*DATASET EXCERPT*.
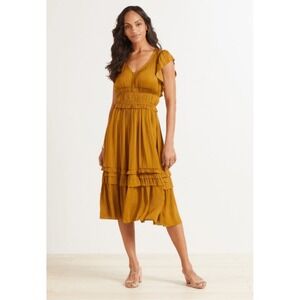 EVEREVE Roan + Ryan Talulah VNeck Ruffle Midi Peasant Gold Dress Cottage Boho XS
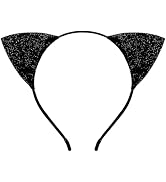 Tedercle Black Glitter Cat Ear Headband, Kitty Ears Costume Hairband for Halloween, Birthday Part...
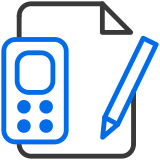 Icon of a calculator, paper and pen to represent accountancy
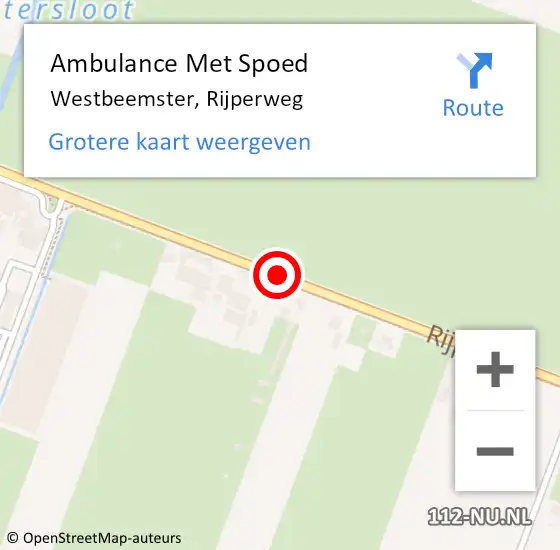 Locatie op kaart van de 112 melding: Ambulance Met Spoed Naar Westbeemster, Rijperweg op 17 maart 2018 13:06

*EXERCISE GOAL*. For this exercise, give the listing again exactly as written, with the pictures omitted.

*OUTPUT OF THE TASK*.
 EVEREVE Roan + Ryan Talulah VNeck Ruffle Midi Peasant Gold Dress Cottage Boho XS
 Tedercle Black Glitter Cat Ear Headband, Kitty Ears Costume Hairband for Halloween, Birthday Part...
 Icon of a calculator, paper and pen to represent accountancy
 Locatie op kaart van de 112 melding: Ambulance Met Spoed Naar Westbeemster, Rijperweg op 17 maart 2018 13:06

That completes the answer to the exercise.